TP-Link TL-WA5110G termasuk dalam kategori access point sangat sederhana, mengingat masih menggunakan standar wireless 802.11g yang berkecepatan 54 Mbps serta hanya menyediakan 1 port kabel RJ45 di bagian belakang body-nya.
Dalam praktek, kecepatan maksimal transfer data secara wireless tersebut harus dibagi 2, menjadi 27 Mbps. Hal ini disebabkan oleh standar wireless tersebut belum mendukung penerimaan paket data dan pengiriman paket data secara bersamaan (full-duplex).
Port RJ45 tunggal berfungsi sebagai port koneksi LAN maupun WAN. Artinya, port
ini berfungsi sebagai koneksi LAN ketika digunakan untuk menghubungkan
diri ke komputer serta masuk ke dalam antarmuka web pengaturan
konfigurasi access point. Setelah pengaturan konfigursi selesai, port
tersebut dapat dimanfaatkan untuk menghubungkan peralatan-peralatan
lain yang ingin dibagi-pakai di jaringan lokal seperti NAS atau printer
jaringan. Untuk membagi-pakai koneksi internet, port RJ45 ini dihubungkan ke port
LAN modem (menggunakan koneksi alamat IP dinamis dari DHCP modem atau
menggunakan alamat IP yang satu kelas dengan alamat IP lokal milik
modem).
Untunglah, antena tunggal yang
digunakan oleh TP-Link TL-WA5110G bersifat lepas-tukar sehingga dapat
diganti dengan antena lain yang lebih tinggi sensitivitas penerimaan
sinyalnya serta lebih kuat daya pancar atau daya jangkau sinyalnya.
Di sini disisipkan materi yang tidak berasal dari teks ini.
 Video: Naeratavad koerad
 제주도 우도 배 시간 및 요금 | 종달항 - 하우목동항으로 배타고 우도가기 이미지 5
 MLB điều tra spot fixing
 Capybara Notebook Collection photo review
Dalam hal pemantauan kekuatan antena, TP-Link TL-WA5110G memiliki
antarmuka pemantau kekuatan sinyal, tepatnya pada menu Antenna Alignment (saat diposisikan sebagai client dari access point lain). Ya, TP-Link TL-WA5110G memang memiliki pilihan fungsi tidak hanya sebagai acces point, namun juga sebagai client, repeater (penguat sinyal dari access point lain), serta sebagai bridge.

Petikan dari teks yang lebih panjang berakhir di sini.